Proxy by Alex London reminds me of when little kids who do something bad say, “It wasn’t me” as if parents will be fooled and punish that ‘other person’ who supposedly did the bad deed. In the world of Proxy that is what basically happens. After the Earth has been devastated by natural disasters and is now largely wasteland. The cities that have survived are controlled by corporations, and there is an even sharper divide between the people with money, the 1%, and the rest of the population than there is today.
The wealthy live in the Upper City and the current generation of rich kids get their kicks from raves designer drugs or biopatches, plastic surgery type enhancements, etc. while children in the lower city struggle to simply survive by any means necessary…child labor, stealing, gangs, etc.
Unlike most post-apocalyptic novels, there is still plenty of modern technology available. Everyone has a biofeed which streams advos, specific marketing ads targeted to the individual, robots perform a variety of services and people use a variety of devices to access the constant datastream.
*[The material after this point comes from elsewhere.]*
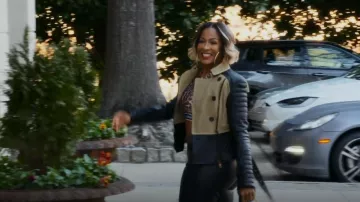 Chaqueta de moto de cuero y malla Burberry Prorsum usada por Sanya Richards-Ross como se ve en The Real Housewives of Atlanta (S14E16)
The technology and vacousness of the rich kids reminded me a bit of the Uglies series by Scott Westerfeld.
The kids in the slums live off credit that adds to their debt. Getting medical care costs credits, going to school costs credits, and the amount of credits is so high that the older poor in their 70’s are still in debt from medical care they had as children. Some orphans who were rescued from the outer wastelands are forced to sign contracts to be proxies before they realize the implications. A proxy is a poor child who is held responsible for the transgressions of their patrons.
Syd is one very unlucky Proxy. His patron is spoiled rich kid and daredevil Knox. As a young kid he broke a very valuable item and Syd was punished by an EMD which is the future equivalent of getting tasered. Patrons watch a hologram of their proxies getting punished and that first time Alex cried as much as Syd did. However, through the years he continued to misbehave and break rules and became immune to feeling guilt for the consequences of his actions. In the meantime, Syd continues to get electric zaps, perform backbreaking manual labor and other acts to make up for the sins of Alex.
At the beginning of the story Syd has only two more years left on his proxy contract and then he will be free, well as free as living in the dangerous slums living a hardscrabble life can be. Then Alex commits an act so heinous that Syd will pay a terrible price and the lives of both boys will change forever in ways neither one could have ever forseen.
I really liked the fresh concept of this book, it’s one I have not seen done before in any variation within this genre. I also enjoyed the way it extrapolated issues from our own time such as credit and debt, income inequality, advancing technologies, marketing databases, global warming consequences, admiration of Kardashian types, etc. and projects them out into a future world. That said, I thought there could have been better character development, things leaned toward stereotypes, and while there was the action expected in this genre the build up of tension was not as masterful as in other books I have read.